ARCHER2 Weekly Newsletter


At risk IO monitoring periods: Thu 14 Nov, Mon 25 Nov 2024

As part of ongoing work to improve the ARCHER2 service we want to gain a more detailed understanding of the IO patterns in practice on the service. Having this information should allow us to work on improving user experience with IO on the /work Lustre file systems and provide better advice on improving IO performance to users of the service.

To gain this detailed information we need to gather IO statistics from all jobs on ARCHER2 for representative periods using the Darshan IO characterisation tool (https://www.mcs.anl.gov/research/projects/darshan/). To do this, we will enable Darshan for all jobs on ARCHER2 for two 24 hour periods in November:

  • 08:00 GM Thu 14 Nov 2024 to 08:00 Fri 15 Nov 2024
  • 08:00 GM Mon 25 Nov 2024 to 08:00 Tue 26 Nov 2024.
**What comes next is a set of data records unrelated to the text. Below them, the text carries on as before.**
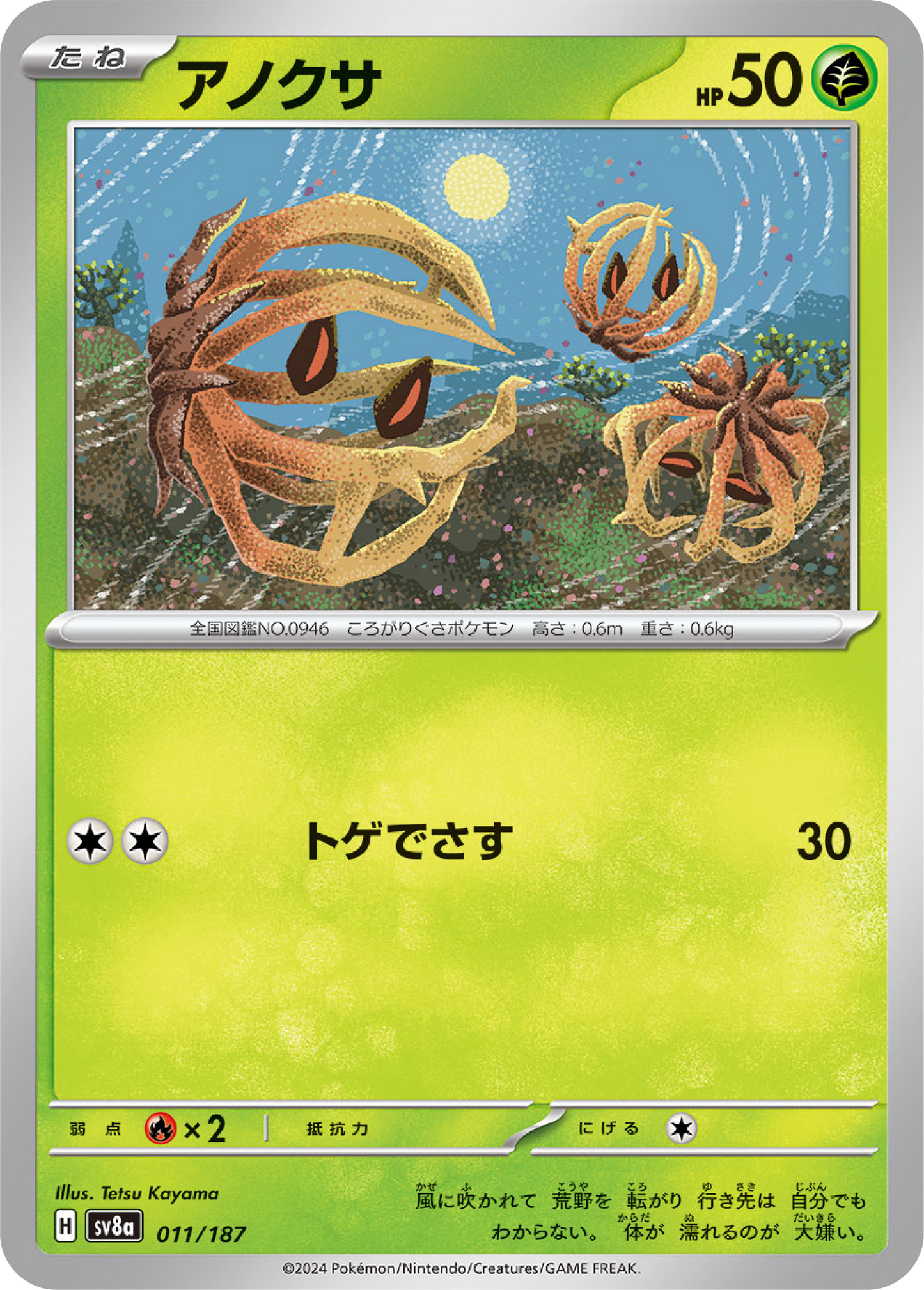 Bramblin (11/187) - Pokemon Terastal Festival ex (sv8a) - Japanese Pokemon Card Singles - High Value Hobby
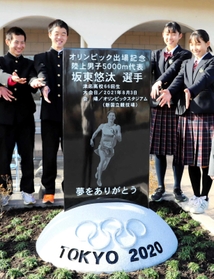 体育館前に設置された坂東選手の石碑=津名高校 体育館前に設置された坂東選手の石碑=津名高校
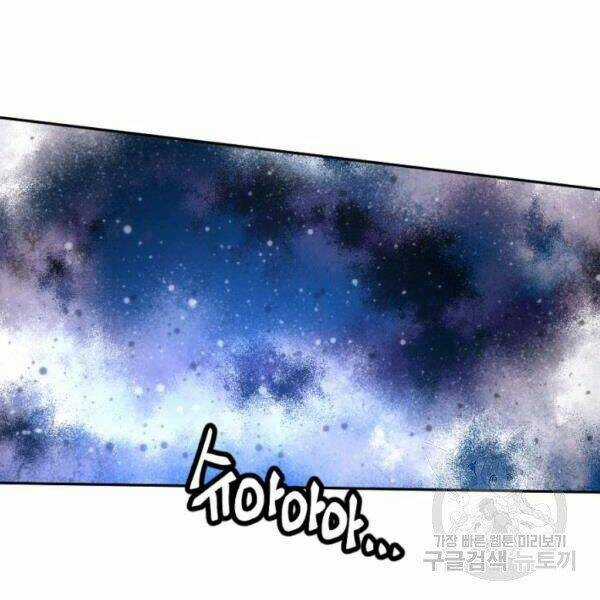 Thời Đại Hoàng Kim Chapter 27 trang 17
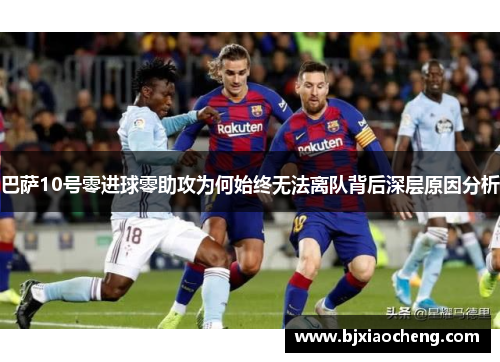 巴萨10号零进球零助攻为何始终无法离队背后深层原因分析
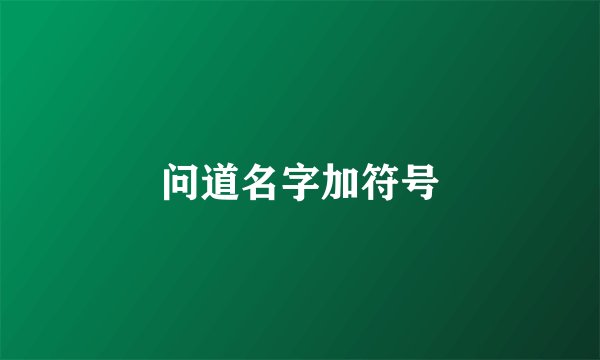 问道名字加符号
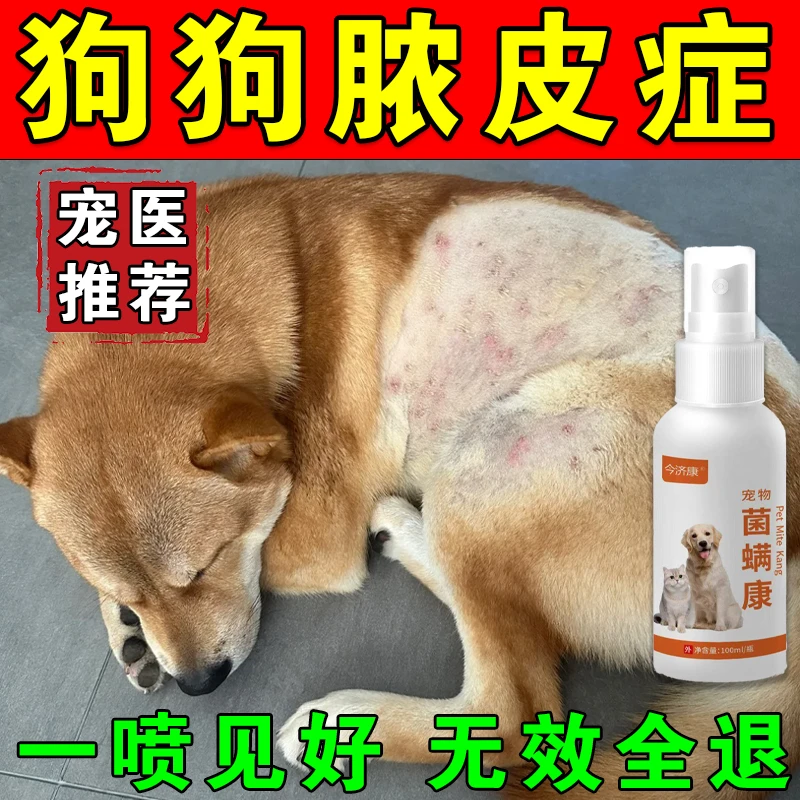 狗狗皮肤专用喷剂狗癣皮肤红肿痒脓皮流脓结痂掉毛烂皮特效菌螨康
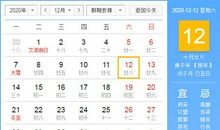 【黄道吉日】2020年12月12日黄历查询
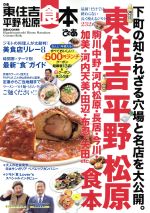 ぴあ 東住吉・平野・松原食本 -(ぴあMOOK関西)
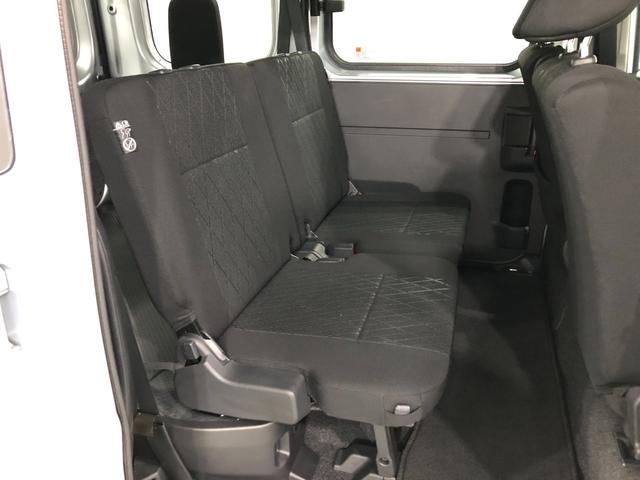 アトレー RS 走行32331キロ/ナビ/ドラレコ/バックカメラ 一年保証・走行距離無制限走行32331キロ フルセグナビ ブルートゥース バックカメラ ドラレコ ETC オートライト LEDヘッドライト 両側電動スライドドア(36枚目)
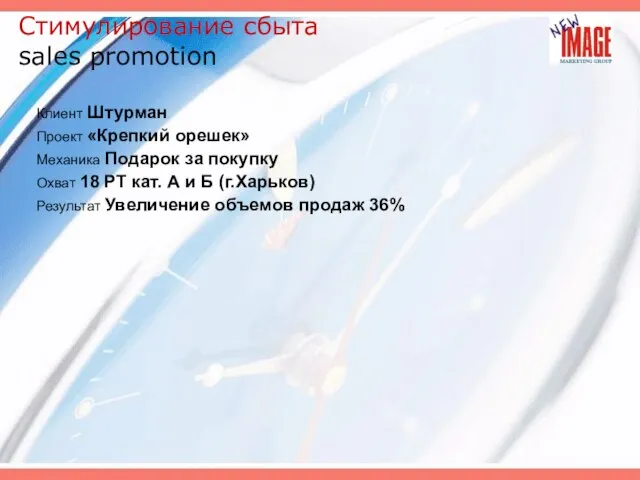 Стимулирование сбыта sales promotion Клиент Штурман Проект «Крепкий орешек» Механика Подарок за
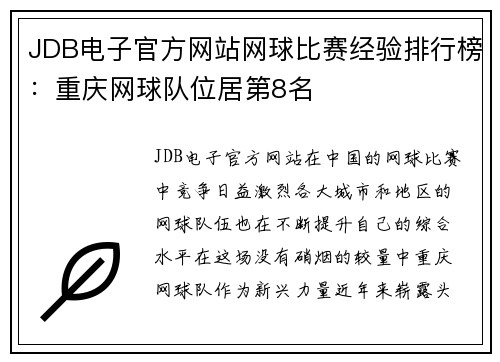 JDB电子官方网站网球比赛经验排行榜：重庆网球队位居第8名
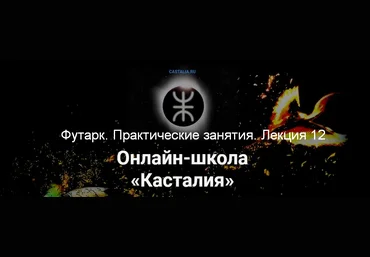 Григорий Зайцев Касталия Футарк. Практические занятия. Лекция 12 2024 слив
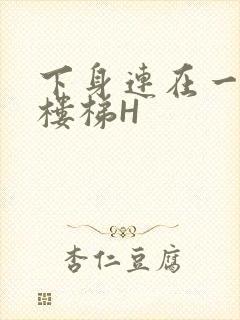 下身连在一起上楼梯H封面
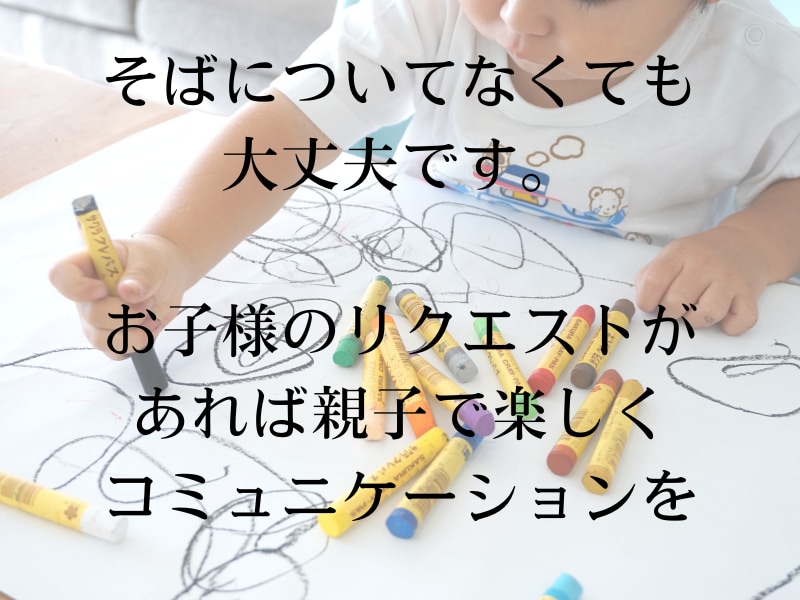 子どものやる気と自己肯定感を育てます ワクワク楽しい！お子様カラーセラピー イメージ2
While we have run multiple 24h data collection periods before without issues earlier this year, there is a risk that enabling Darshan may cause issues for a small number of user jobs so the service should be considered “at risk” during these 24 hour periods.

If you do see jobs failing during this period and you suspect that Darshan may be the issue, you can set up your job to disable Darshan IO data characterisation by adding the command:

module remove darshan

as the last “module” command in your job submission script and resubmitting the job. If you see an issue and it is resolved by removing the “darshan” module in this way, please do let us know via support@archer2.ac.uk with details of the software you are running that saw the problem.

If you are building software or running jobs that use a profiling tool (e.g. CrayPAT, Arm Forge MAP, Scalasca) we recommend that you use the “module remove darshan” command before compiling software with profiling enabled and add the “module remove darshan” command to your job submission script for the profiling run as Darshan profiling may interfere with other profiling tools. We have tested running CrayPAT profiling with Darshan enabled and it worked successfully for our test cases, but we think it is still prudent to disable Darshan when profiling applications.

If you are interested in using Darshan or looking at the profiles of your jobs generated during this monitoring period, please see the Darshan on ARCHER2 documentation.

GPU Driving Test

In order to support users wishing to explore the ARCHER2 AMD GPU Development Platform we are now offering the ARCHER2 GPU Driving Test.

The GPU Driving Test uses an online assessment tool format which includes a range of questions around the use of ARCHER2 and the GPUs.

The GPU Driving Test is open to everyone, including those who have previously completed the ARCHER2 Driving Test.

On successful completion, eligible users will be invited to sign up for an account on ARCHER2 for access to the GPU cluster for a year.

Full details

We hope that this new access route will enable more people, interested in exploring what GPUs can offer in their work, an easy way to get immediate, hands-on access and experience.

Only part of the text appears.